Hadoop provides 2 functionalities.
0. Distributed fault tolerant data storage (hdfs)
1. Batch processing on stored data (map-reduce)

# HDFS
hdfs is a Unix like distributed file system. It splits large files into small blocks and stores them in different nodes. hdfs stores each block by default 3 times in 3 separate nodes to provide safety of the data in case of a node failure.

## Services
0. many data nodes: these service is run on those nodes that stores data. send heart beat and block information to master node. clients connects to data nodes to read/write data.
1. master name node: stores meta data about which data block is stored in which data node. guides client to write/read data to/from appropriate data node
2. check point node: creates check point for the name node. this is not a hot back up for master name node.

## How hdfs works
Write
0. client connect to name node and asks which data nodes to write data to
1. name node gives data node address to client
2. client connects to data nodes and writes data to data nodes
3. data nodes takes action to replicate data to other data nodes guided by name node

Read
0. client connects to name node and asks which data nodes to read from
1. name node gives data node addresses
2. client connects to data nodes and read data
3. in case of a datanode failure, client reads the data block from another data node guided by name node


# MapReduce
Clients want to process data stored in hdfs. A client submits a "Job" to MapReduce that MapReduce runs across diffrent nodes in the cluster.

## Services
0. Job tracker: master service to monitor jobs. A job is ran as many tasks in several nodes distributedly. retries failed task attempts. Schedules incoming jobs from different clients.
1. Task tracker: runs on the same physical machine as the data node. several tasks executed in a distributed system accomplishes the Job that a client submits. A task has one or more attempts. Sends heartbeat and task status to job tracker. It runs on its own JVM on a datanode.

## How Mapreduce works
0. Clients submits job to job tracker
1. Job tracker assigns tasks to task trackers that are close to the data blocks.
2. Task trackers executes tasks. and writes the result to hdfs with replication
3. if a task tracker fails, job tracker assigns the task to another task tracker


# YARN
Abstract framework for distributed processing. MapReduce is a concrete YARN application. It divides duty of the Job Tracker into Application master, Resource manager. Task tracker acts as a node manager, which have "Containers" on which a map or reduce task can be executed. Number of containers on a node is configurable.


## Map Reduce
Data processing a is done in 2 phases.
0. Map phase: apply map function on input key value pairs to generate intermediate key value pairs. group intermediate key value pairs by intermediate keys. each group will contain one key and one or more values.
Components used during map phase:
a. InputFormat: Reads file line by line.
b. RecordReader: Reads input key, value pair from a line using InputFormat.
c. Mapper: Contains map function to apply on input key, value pairs and produces intermediate key, value pairs.
d. Combiner: Performs a local reduction on intermediate key, value pair.
e. Partitioner: Decides which intermediate key, value should go to which partition.
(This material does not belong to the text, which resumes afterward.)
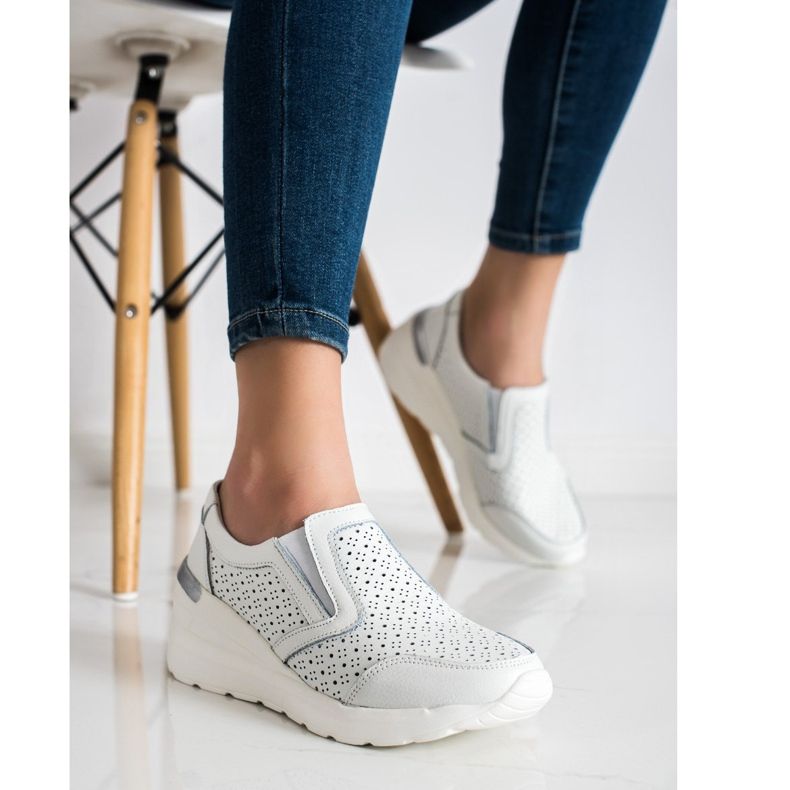 Goodin Zapatillas slip-on de cuero blancas blanco 2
1. Reduce phase: apply reduce function on grouped intermediate key value pairs.
Components of reduce phase
a. Shuffle: Decides on which partition this reducer should operate on.
b. Sort: Sorts data on a single partition by key.
c. Reducer: given an intermediate key and a set of values, performs reduce operation and produces output key value pair.
d. RecordWriter: used to store one key, value pair.
f. OutputFormat: creates the record writer and writes content of the RecordWriter.

Component used by both phase:
WritableInterface: specifies how to read/write data to/from a file. Integer data is written as IntWritable, read as IntWritable.

Misc Notes
0. A map-reduce job can contain only one mapper job and only one reducer job. So a job such as word counter can be created. To create MR jobs pipeline, framework such as Crunch can be used.
1. You can append data on a hdfs file. There is no way to modify existing content of a file stored in HDFS.
1. Hadoop Streaming: Executing shell, python etc. script as jobs. Example:
hadoop jar hadoop-streaming.jar -input input -output outputdir
-mapper org.apache.hadoop.mapreduce.Mapper -reduce /bin/wc



Reference:
0. hadoop just the basics - slides
1. hadoop just the basics - youtube video






Thursday, January 18, 2018

[Book Take Away] The Zen Programmer

Buddha
Siddhartha Gautama, A prince from Nepal born 500 years before christ. At age of 26, he learns about death, distress and disease. He left his house to find the remedy of this basic problems. In his journey, he understood four noble truth that expresses reality of pain. He found eightfold path that would minimize pain of a human-being. He is known as the first "Buddha" which means awakened.

# Buddhism
Teachings of the first Buddha. In Buddhism there is no God.

## Four noble truth
0. There exists dissatisfaction.
1. Root cause of dissatisfaction is desire, hatred and wrong thoughts.
2. If the root causes are gone, pain will seize.
3. Eight-fold path helps eliminate root cause.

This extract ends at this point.